▶ Description of the task:
Pictures excluded, reproduce exactly the lines below from the one with "Platform and bridge of a treetop walk" through the one with "background textured of", both included.

▶ Records for this task:
***

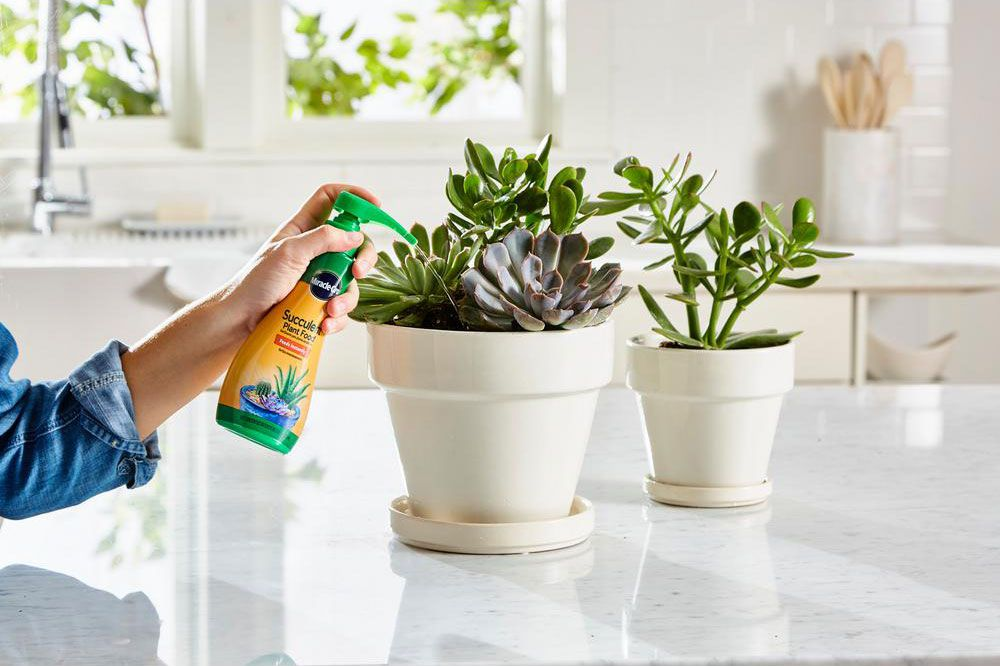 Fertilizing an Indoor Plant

***

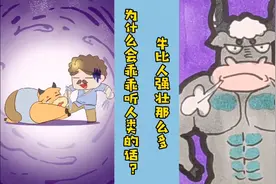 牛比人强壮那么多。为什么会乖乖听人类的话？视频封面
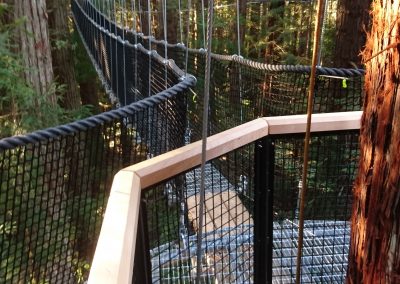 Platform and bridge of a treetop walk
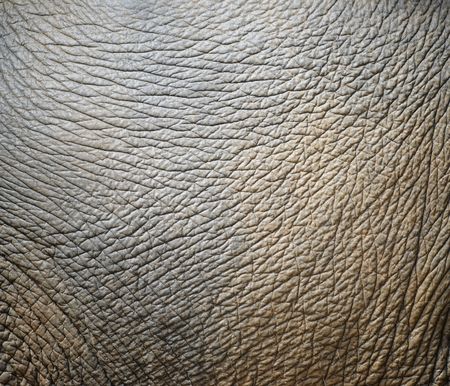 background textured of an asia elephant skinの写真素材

***

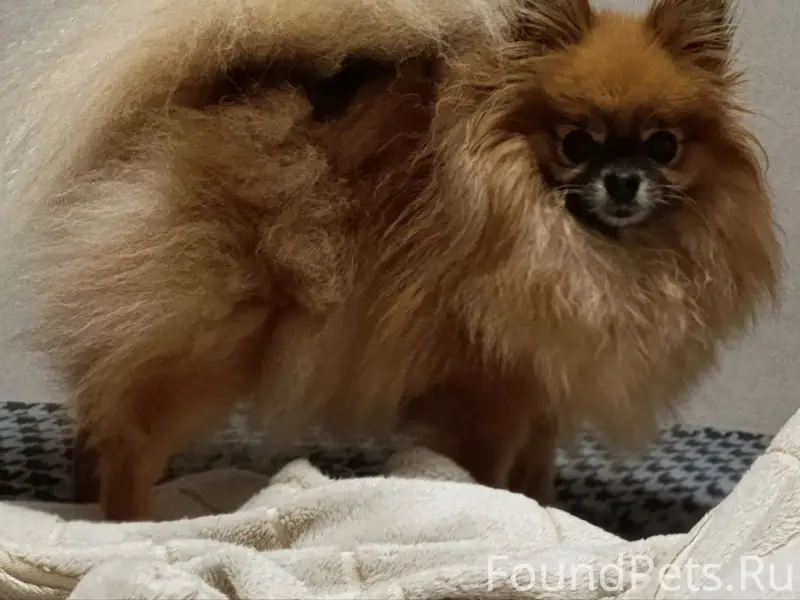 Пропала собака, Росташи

***

▶ Reply to the exercise:
 Platform and bridge of a treetop walk
 background textured of an asia elephant skinの写真素材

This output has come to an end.